Posted in Uncategorized on December 6th, 2007

RIGA – It’s time to update that good ol’ blogroll.

Baltic Visitor is a blog of travel tips for those who are traveling through the three different Baltic countries. The blog’s author is John Oates, a freelance travel writer, who is currently working on a guide to the Baltic States for a major UK publisher. “He is a former winner of the Guardian Young Travel Writer of the Year Award (for an article on Lithuania), and has written for publications including The London Paper and Global magazine.” BV was kind enough to link to this blog and it’s only appropriate to return the favor.
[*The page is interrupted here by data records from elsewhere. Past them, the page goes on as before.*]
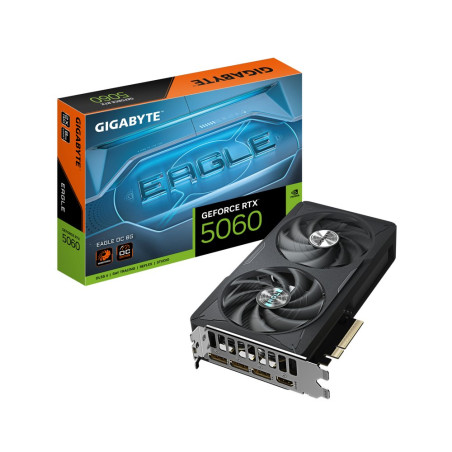 GIGABYTE GeForce RTX 5060 EAGLE OC  8GB GDDR7  DLSS 4  Videokaart  Nvidia GPU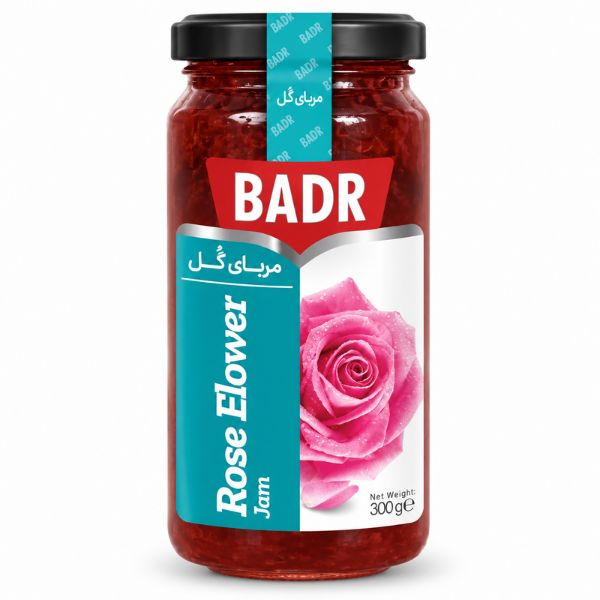 Badr Rose Flower Jam, 300gr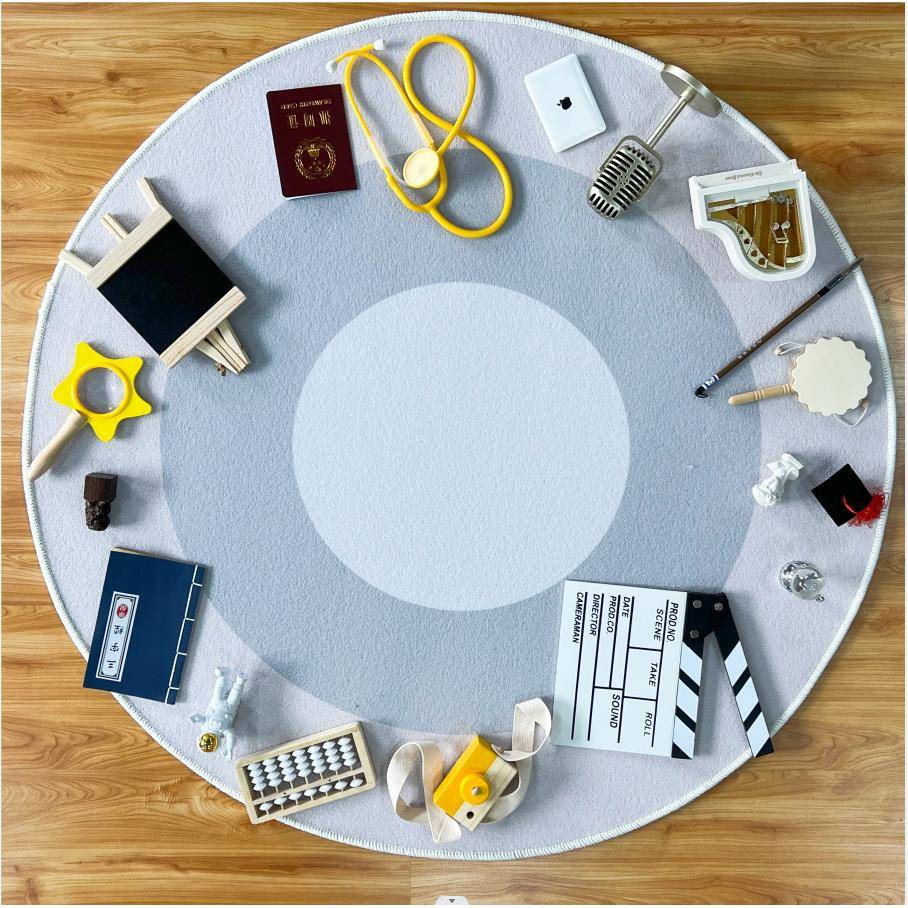 抓周用品地毯道具布置男女宝宝一周岁生日仪式感抓阄地垫子套装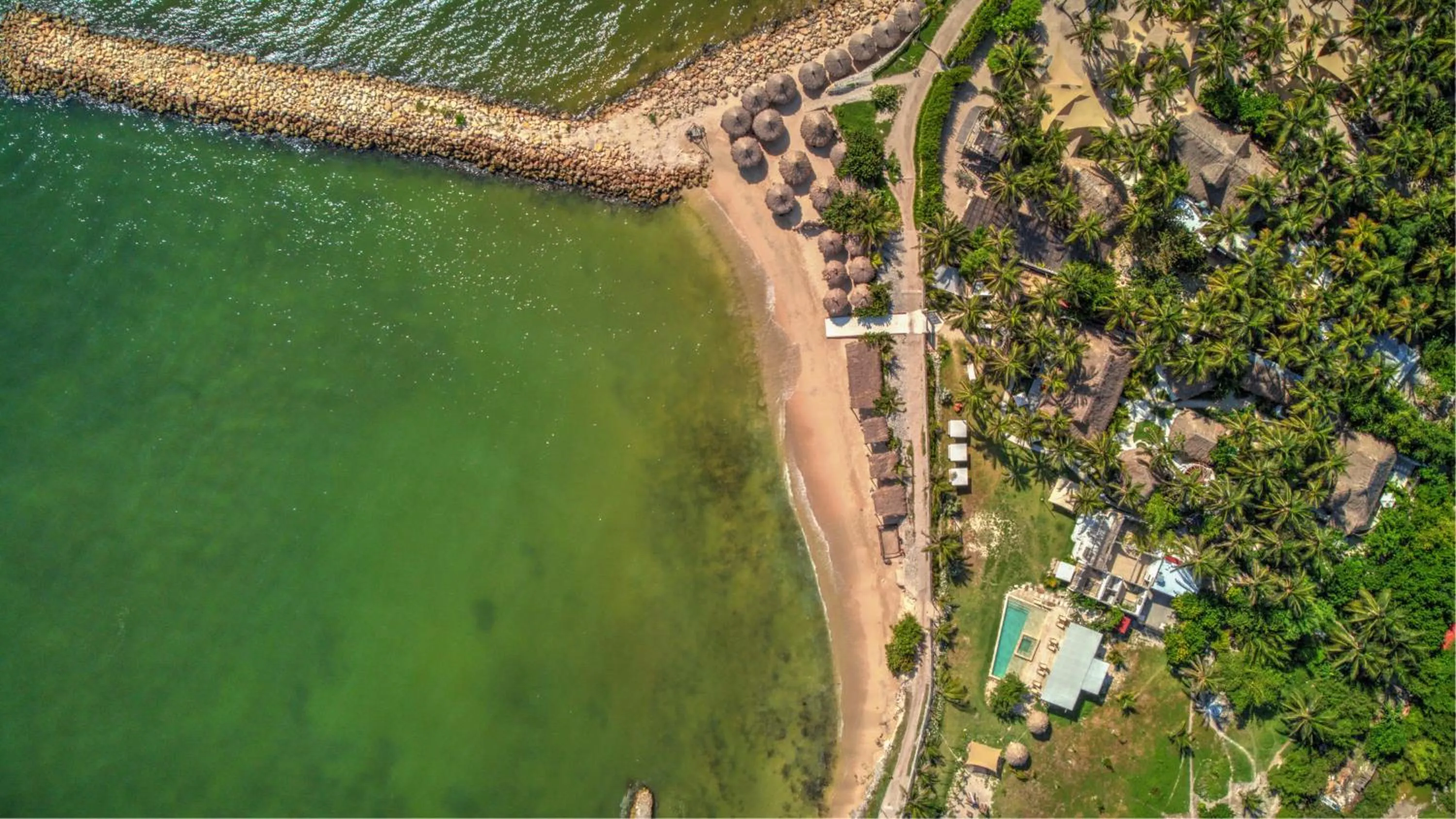 Bird's eye view in Vista Mare Beach House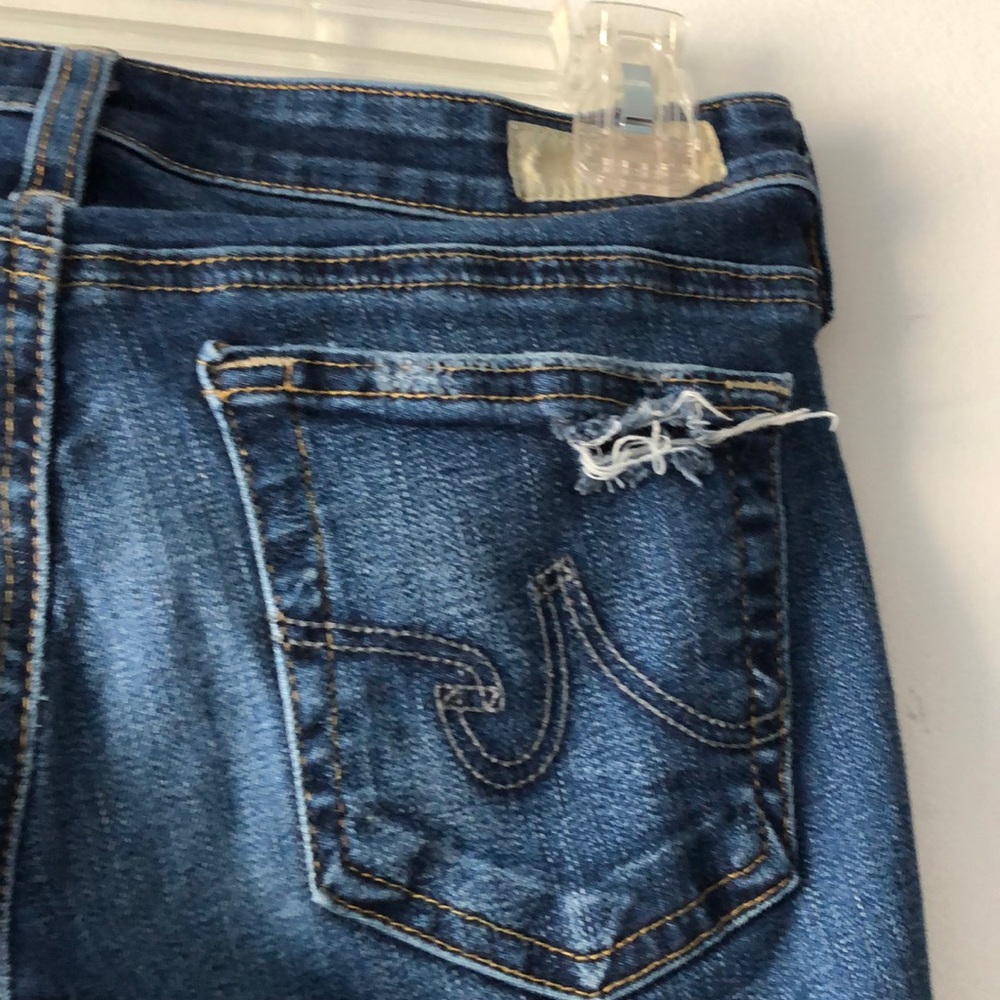 Adriando Goldschmied Distressed Skinny Ankle Jeans - Picture 8 of 14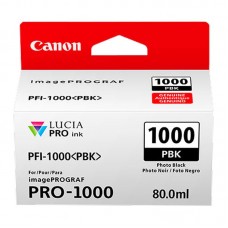 Genuine Cartridge for Canon PFI-1000BK Photo Black Ink Cartridge.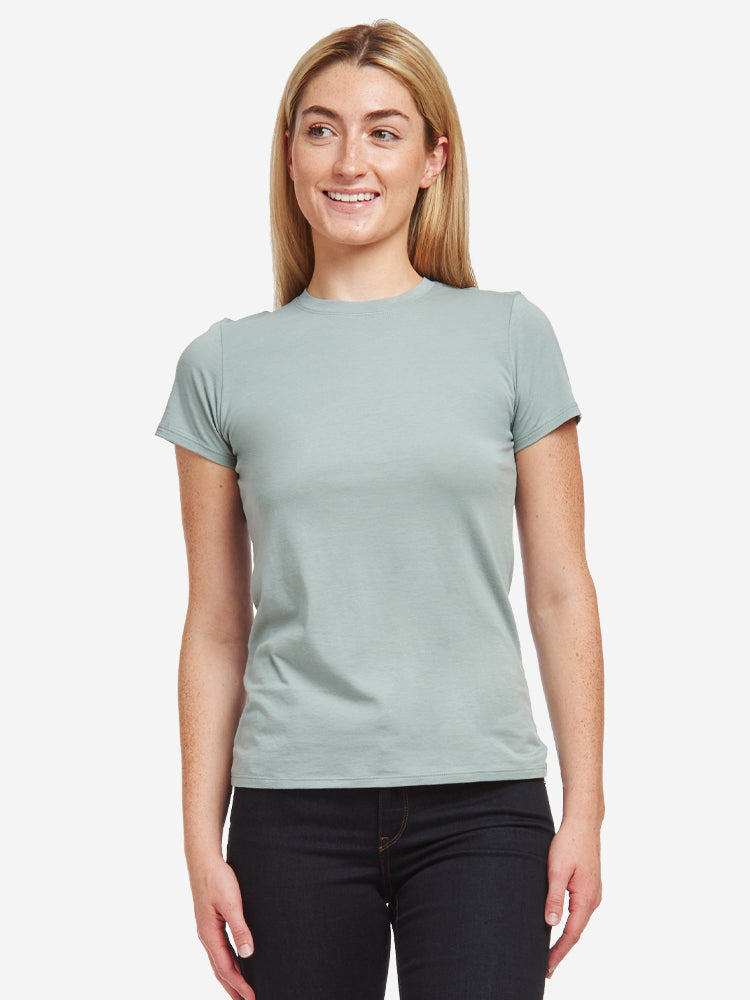 Women wearing Vine Fitted Crew Marcy Tee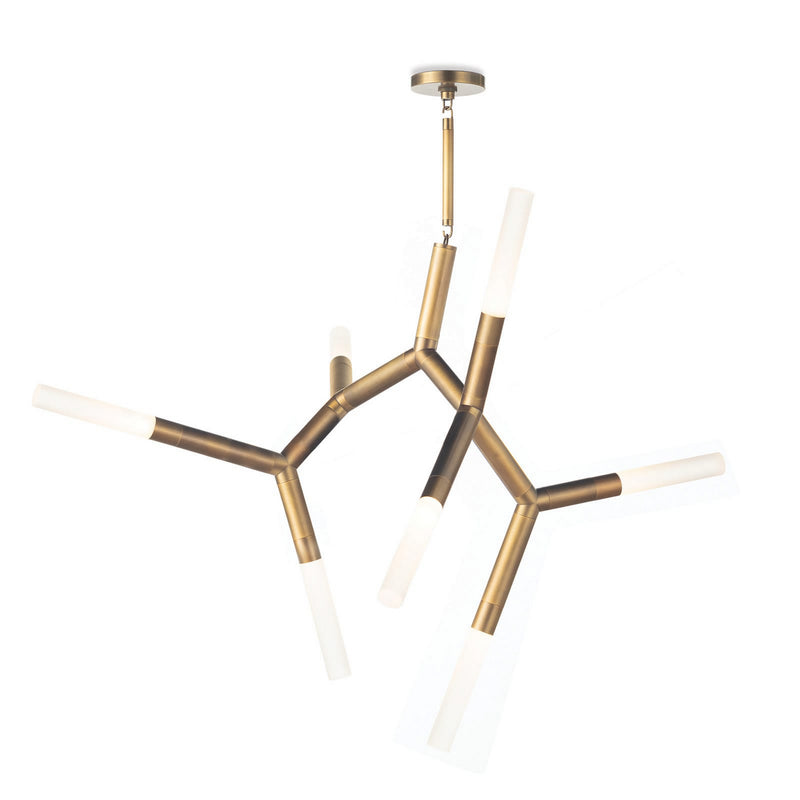 Regina Andrew - 16-1352NB - Seven Light Chandelier - Traveler - Natural Brass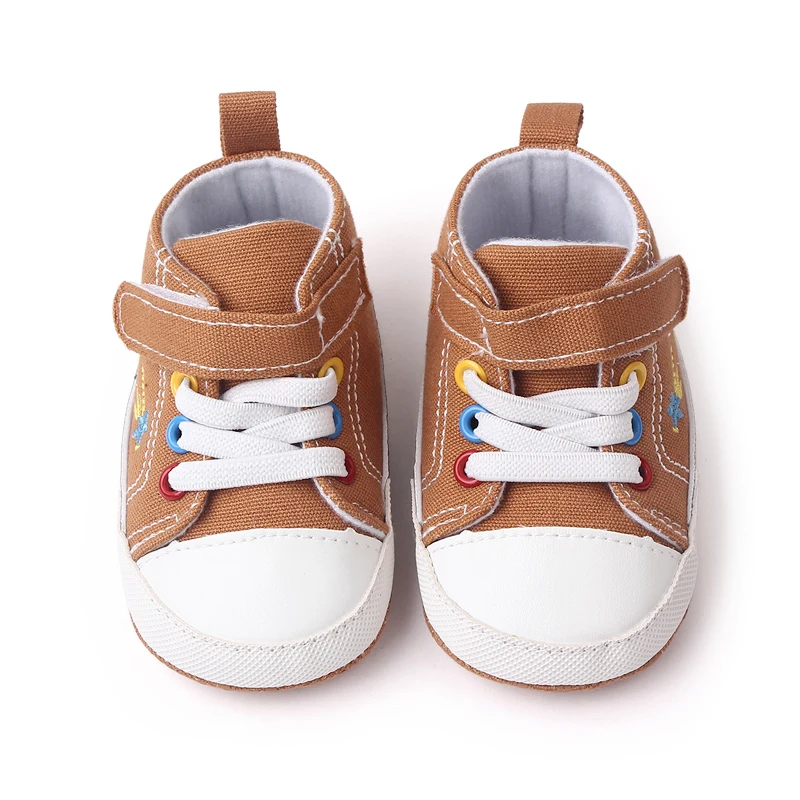 Directly Factory Wholesale Canvas Baby Toddler Infant Sneakers Shoes Newborn Baby Shoes for Boys details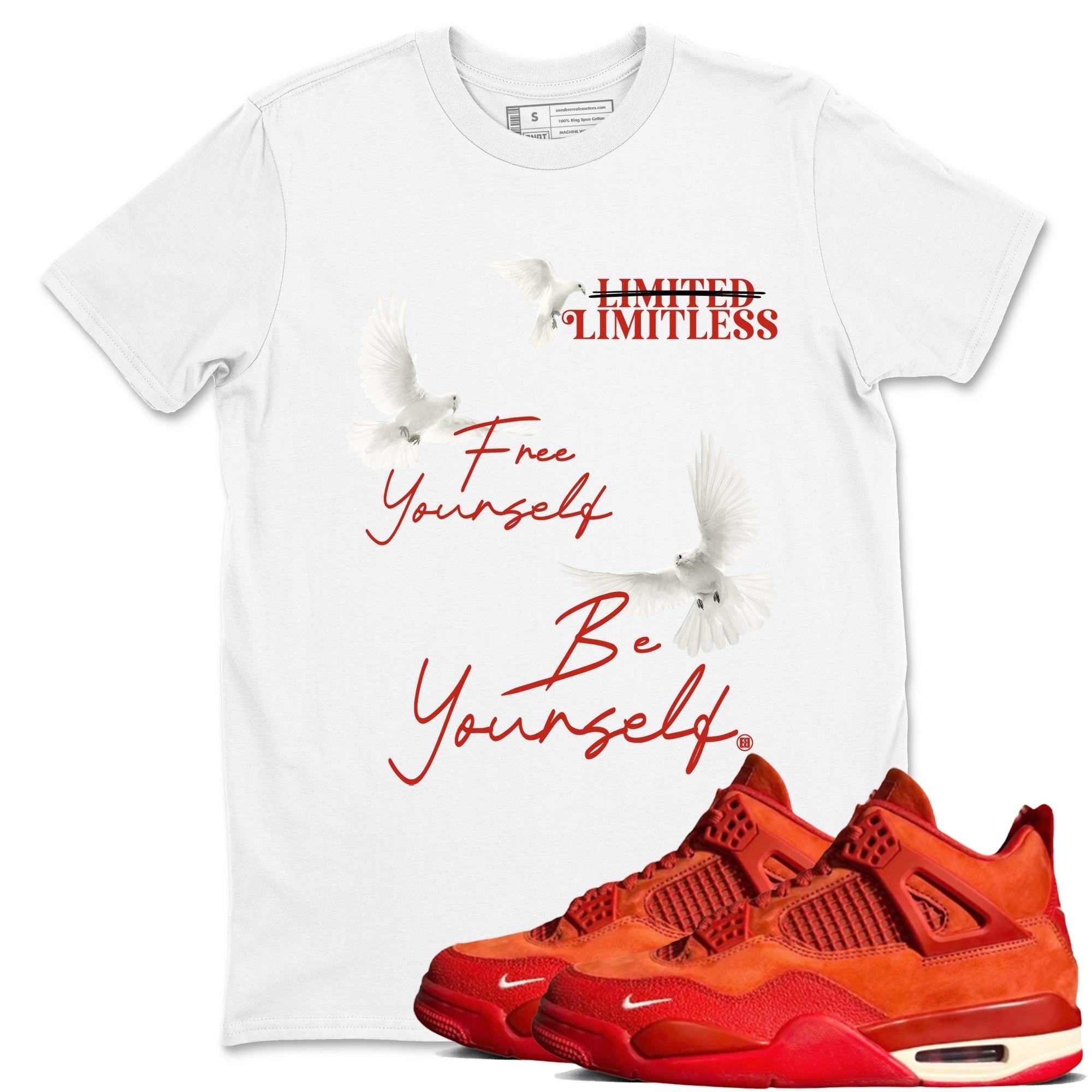 Free Yourself Be Yourself snkmatch Tees - Air Jordan 4 Brick By Brick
AB.PHOTO.LATVIA is a photolog stuffed with plenty of visual goodness from this small country of ours.

Ivan v. Jaan is a Russia-centered Estonian blog on politics. You’ve got to keep taps on your enemies, you know.

Baltic Bulletin comes from the mind of Mike Collier, the editor of Baltic Features, a one-stop shop for all your feature needs anywhere in the Baltics. The Baltic Bits entries are a must read, really.

Morten Hansen, an economics professor at Stockholm School of Economics in Riga has been blogging about Latvia’s economy on L-Diena Web site, leaving Latvians scratching their heads. Why does a Danish professor write in English on a Latvian web site? With rising inflation and bursting economy, it’s a shame not to read the Great Dane’s musings.